The Whispers singles chronology
| "A Song for Donny" (1979) | "And the Beat Goes On" (1979) | "Lady" (1980) |

Music video
- "And the Beat Goes On" on YouTube

= And the Beat Goes On (The Whispers song) =

"And the Beat Goes On" is a 1979 single by the American music group the Whispers. The song was their first of two number-one singles on the Soul chart, and their first Top 20 hit on the Billboard Hot 100, peaking at number 19. "And the Beat Goes On" was the group's only number-one song on the dance chart. It was also their first and biggest hit in the United Kingdom, peaking at number 2 on the UK Singles Chart. The song also peaked at number 27 on the Canadian RPM chart and was in the Canadian Top 100 for 21 weeks.

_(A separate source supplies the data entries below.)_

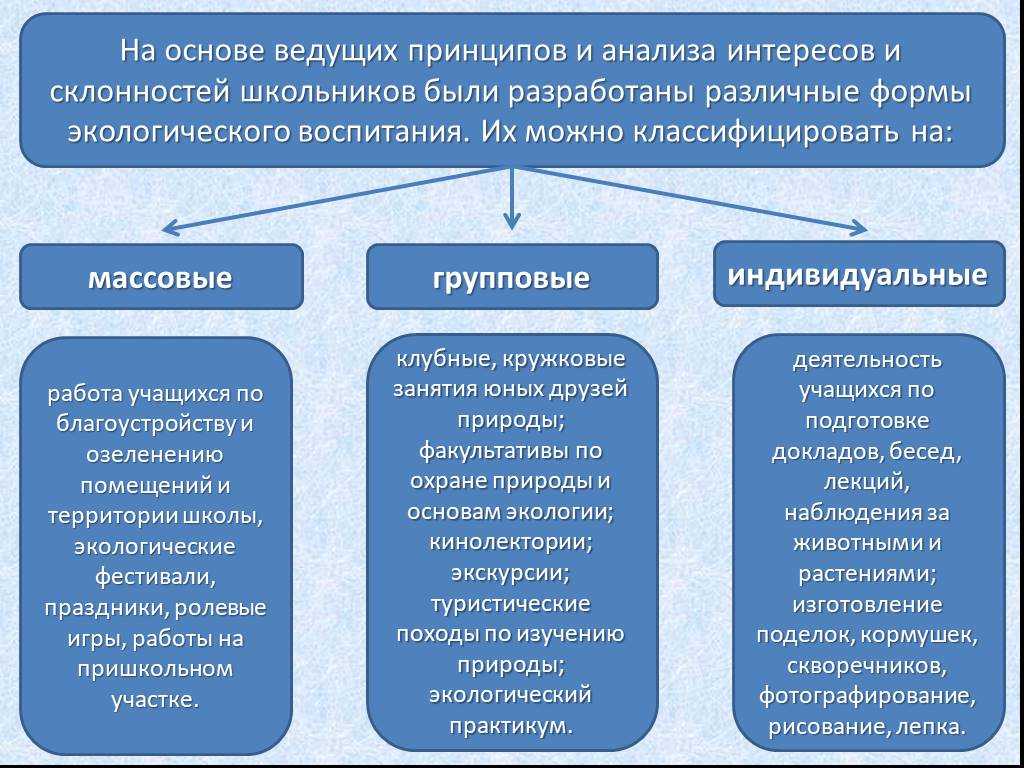 Экологическое воспитание дошкольников. формы и методы работы, примеры игр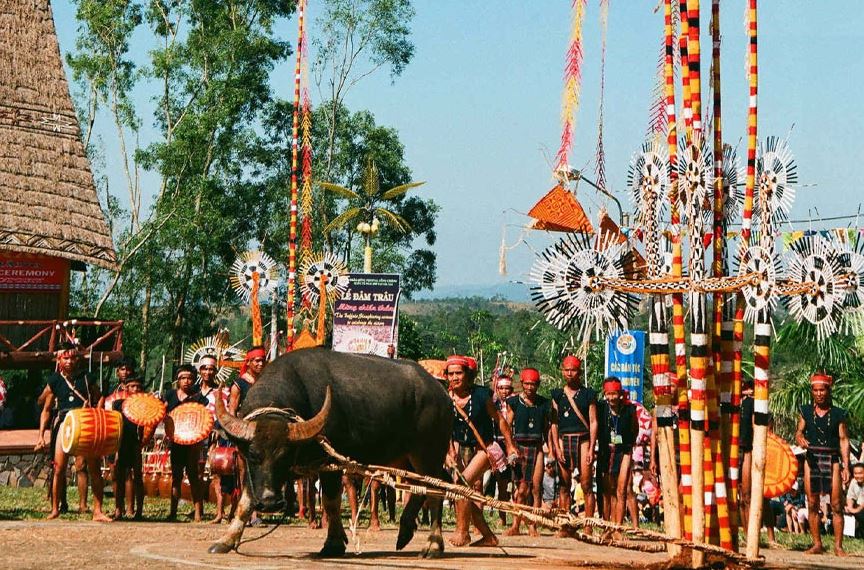 Đâm Trâu: Lễ hội ở Đà Lạt bạn không nên bỏ qua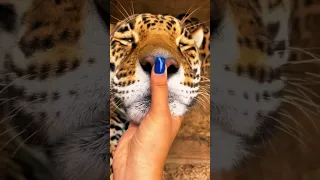 Jaguar Boop!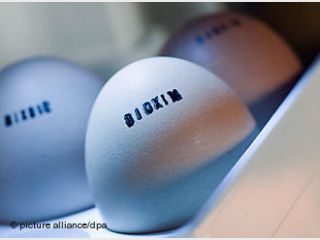 ����������� �������: ������� ������ ���������� � ��������� �� ��������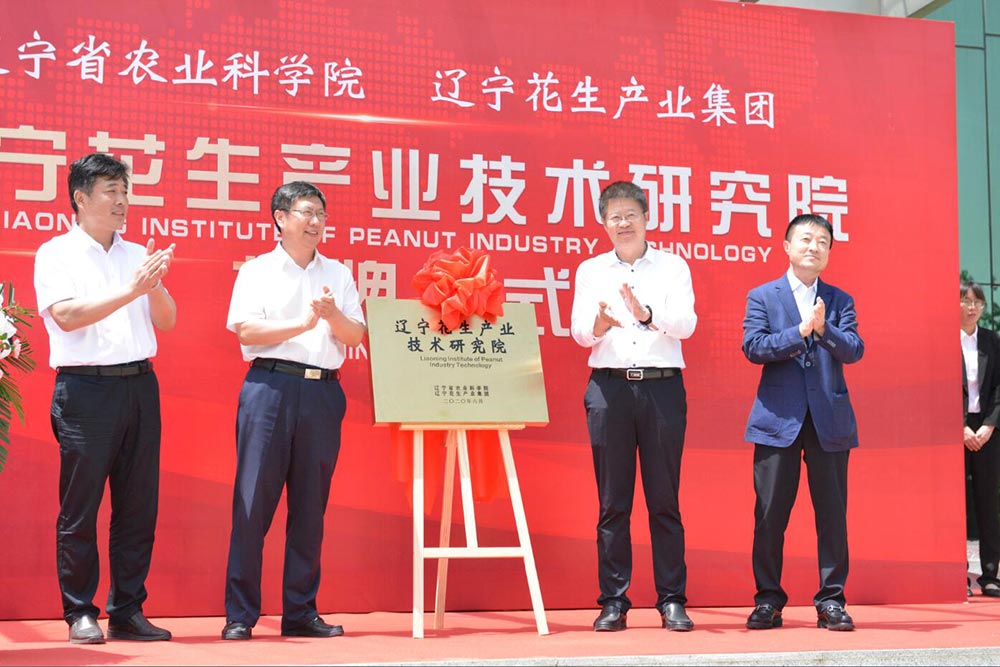 遼寧花生產業技術研究院揭牌儀式隆重舉行(圖4) 遼寧花生產業技術研究院揭牌儀式隆重舉行(圖4)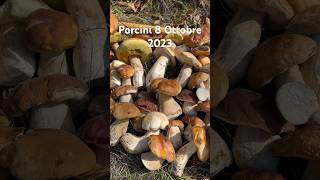 Bellissima raccolta di funghi porcini 8 Ottobre 2023 [upl. by Kristel]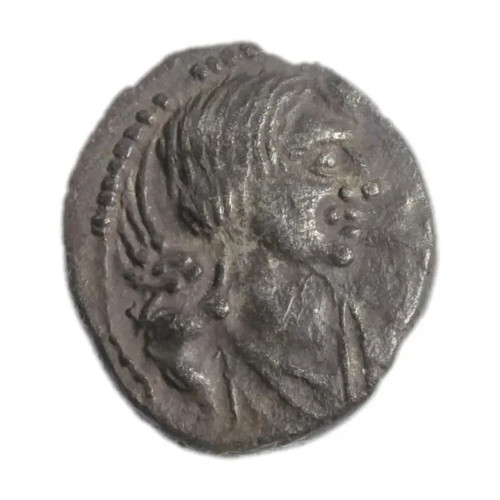 Cunobeline sphinx - cunobeline, ”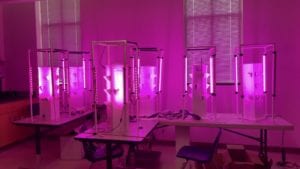 Aeroponics lab at Charleston Southern University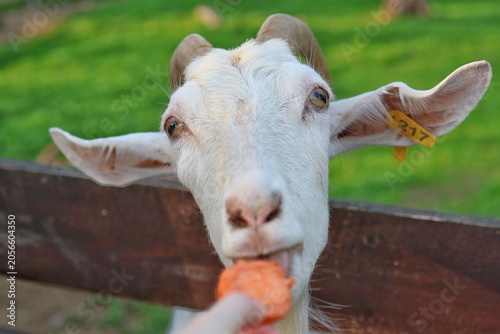 A close-up portrait of a white horned goat leaning over a wooden fence to take a piece of carrot from a person's hand. Concept of animal feeding and farm tourism.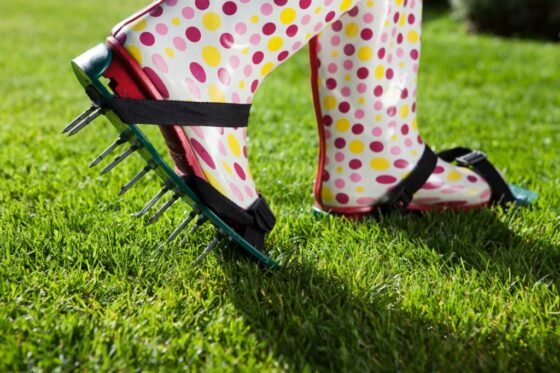 Luftning af græsplænen: Fordele & procedure for beluftning af græsplænen?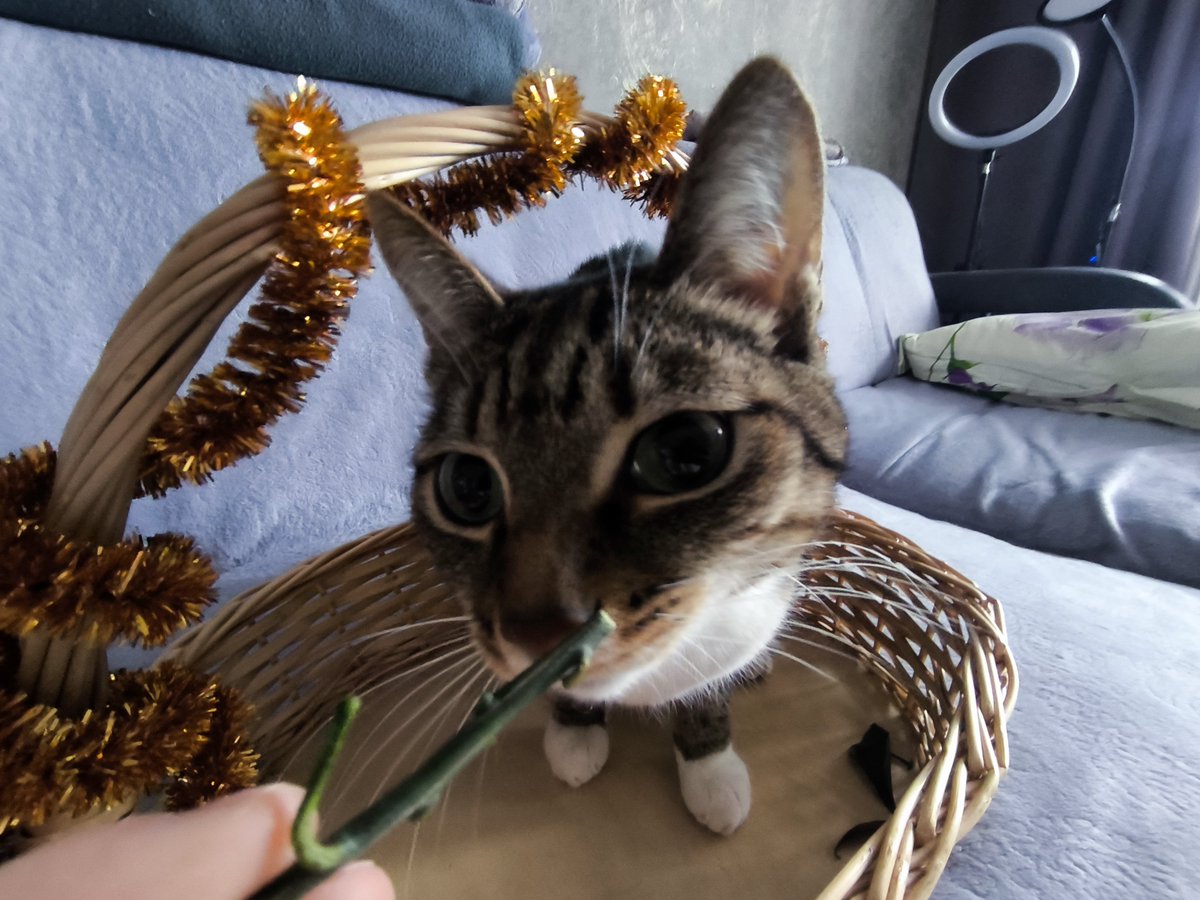 Yongarmyman's tweet photo. @spiderrrisha Чекайте дурачка моего. Зовут Симба. Интеллекта ноль. Адекватности ноль https://t.co/F9P1vgU62q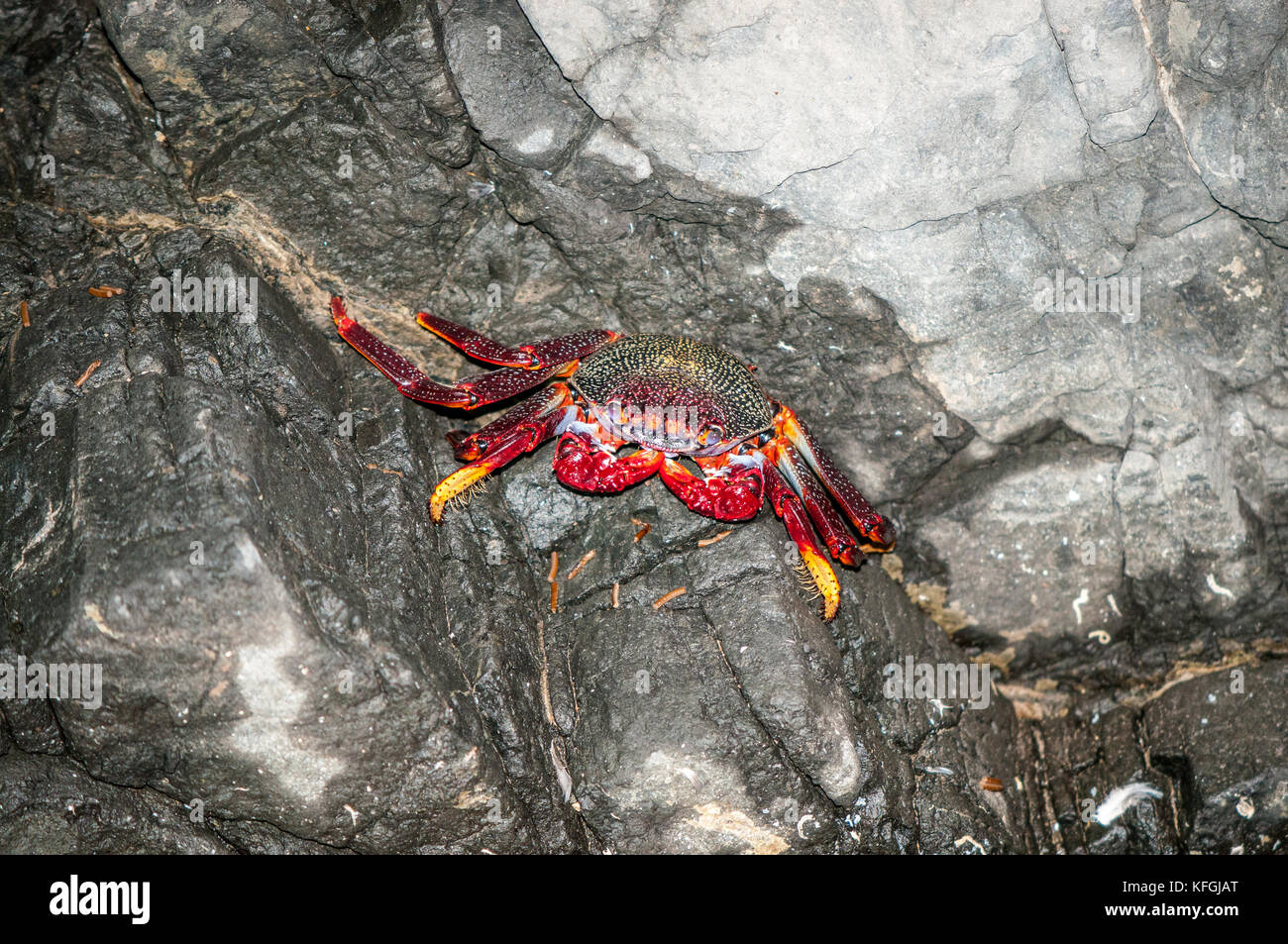 atlantic rock crab (Grapsus grapsus adscensionis) lying on a rock inside a cave, Fuerteventura, Canary Islands, Spain Stock Photo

In 1996 after Phyllis Hyman died, the Whispers honored her with a musical: Thank God! The Beat Goes On. The fictionalized story intertwines the long-running career of the Whispers with the rise of Hyman, using songs by the Whispers including ones Hyman sang with them such as "The Beat Goes On". The Whispers played themselves while R&B singer Alyson Williams played the role of Hyman.

==Track listing==
7-inch single
1. "And the Beat Goes On" – 3:25
2. "Can You Do the Boogie" – 3:50

12-inch single
1. "And the Beat Goes On" – 7:30
2. "Can You Do the Boogie" – 6:07

==Charts==
===Weekly charts===

Weekly chart performance for "And the Beat Goes On"
| Chart (1980) | Peak position |
|---|---|
| Belgium (Ultratop 50 Flanders) | 30 |
| Canada Top AC (RPM) | 33 |
| Canada Top 100 (RPM) | 27 |
| Germany (GfK) | 20 |
| Ireland (IRMA) | 14 |
| Netherlands (Dutch Top 40) | 26 |
| Netherlands (Single Top 100) | 19 |
| New Zealand (Recorded Music NZ) | 7 |
| Sweden (Sverigetopplistan) | 16 |
| UK Singles (Official Charts) | 2 |
| US Billboard Hot 100 | 19 |
| US Billboard Hot Dance Club Play | 1 |
| US Billboard Hot Soul Singles | 1 |
| US Cash Box | 19 |
| US Record World | 23 |

1987 weekly chart performance for "And the Beat Goes On"
| Chart (1987) | Peak position |
|---|---|
| Belgium (Ultratop 50 Flanders) | 26 |
| France (SNEP) | 39 |

===Year-end charts===

Year-end chart performance for "And the Beat Goes On"
| Chart (1980) | Rank |
|---|---|
| US Billboard Hot Soul Singles | 5 |

==Other notable versions==
- In 1996, Lorenza released a dance club version of the song that reached number 87 in Germany.
- In 2024, the song was remixed with Celine Dion's 2002 single "I'm Alive" by Majestic and the Jammin Kid. The single, titled "Set My Heart on Fire" reached number 39 on the UK singles chart.

==In popular culture==
The song was sampled in Monie Love's 1989 single "I Can Do This" from her debut album Down to Earth, Will Smith's 1998 single "Miami" and BigXthaPlug's 2023 single "Mmhmm". It was also featured in the 2002 video game Grand Theft Auto: Vice City.